Auf Dauer kommt auch auf das Rechtssystem eine Belastungsprobe zu. Denn während viele laufende Verfahren nicht abgearbeitet werden können, kommen mit einer gewissen Verzögerung nun eine Menge neuer Streitigkeiten auf die Gerichte zu. Betroffen ist nicht nur das Verwaltungsrecht durch die aktuellen Eilverfahren gegen Ausgangsbeschränkungen und andere Maßnahmen zur Eindämmung der Infektion. Demnächst wird es auch um Entschädigungen für Betroffene von Quarantänemaßnahmen oder Betriebsschließungen gehen. Ganz zu schweigen von der ordentlichen Gerichtsbarkeit, wo sich Streitigkeiten über Mietzahlungen und über Strom- und Gasrechnungen häufen dürften.
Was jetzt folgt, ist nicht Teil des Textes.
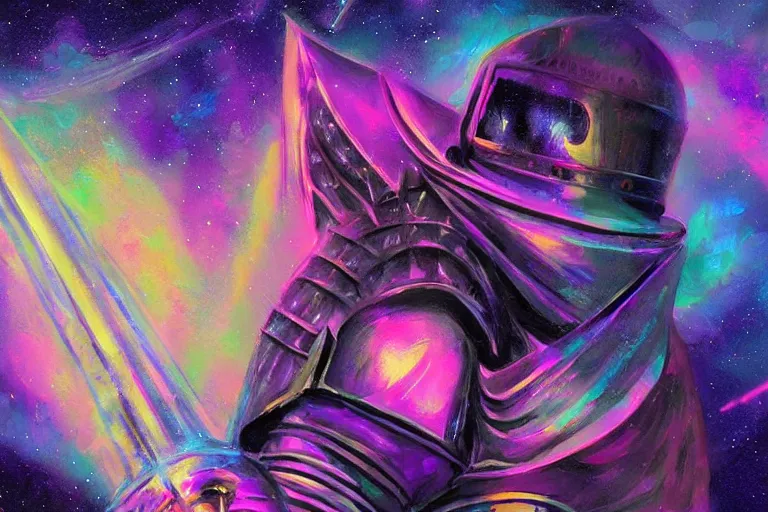 Image similar to digital art of a spiritual medieval knight looking up at the stars, acrylic art, universe, painting, pastel colors, synthwave, retro, cyberpunk,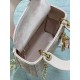 Replica Borsa Dior Lady Dior Mini con Catena e Charms in Resina Rosa Imitazioni Falso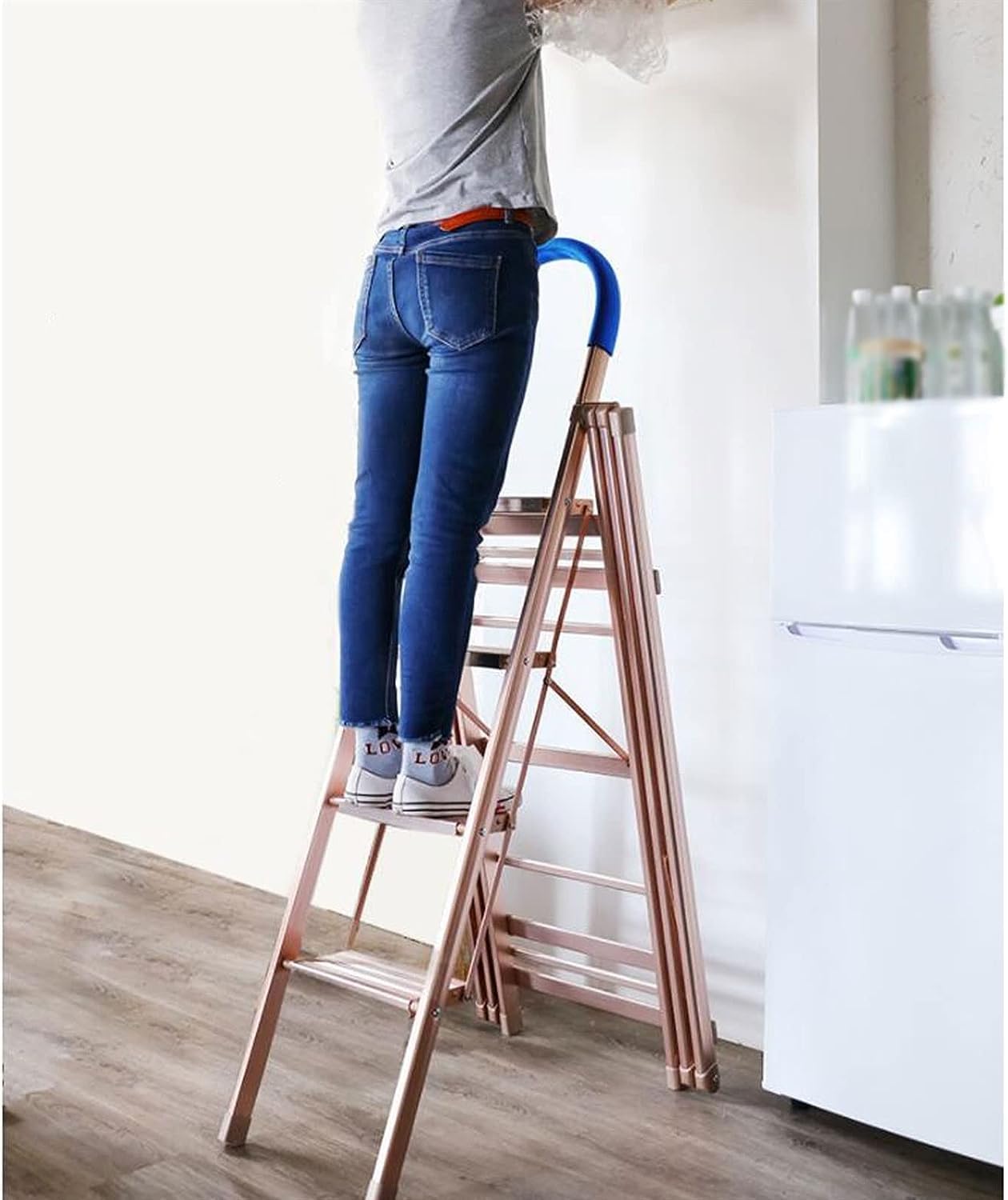 This Clothes Drying Rack Airers Aluminum Alloy Ladder Clothes Rack Floor Foldable Drying Laundry Easy Moveable,A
Insofern beginnt nicht nur an Schulen und in Kitas, sondern auch an Gerichten die Diskussion darüber, wann der Notbetrieb wieder durch den normalen Gerichtsbetrieb abgelöst werden kann. Außerdem wird Richtern empfohlen, sich nun im Homeoffice um liegen gebliebene Verfahren und organisatorische Dinge zu kümmern, die ohnehin erledigt werden müssen, bevor die zu erwartenden Klagewelle über die Gerichte hereinbricht. Ein Gutes hat die Corona-Krise möglicherweise im Rechtswesen: Die Gerichte sind nun auch aufgrund des Homeoffice gezwungen, sich verschärft über Digitalisierung der Aktenberge und sogar Verhandlungen im virtuellen Gerichtssaal Gedanken zu machen. Am Ende resultiert daraus möglicherweise sogar noch ein Effizienzgewinn (Olaf Dilling).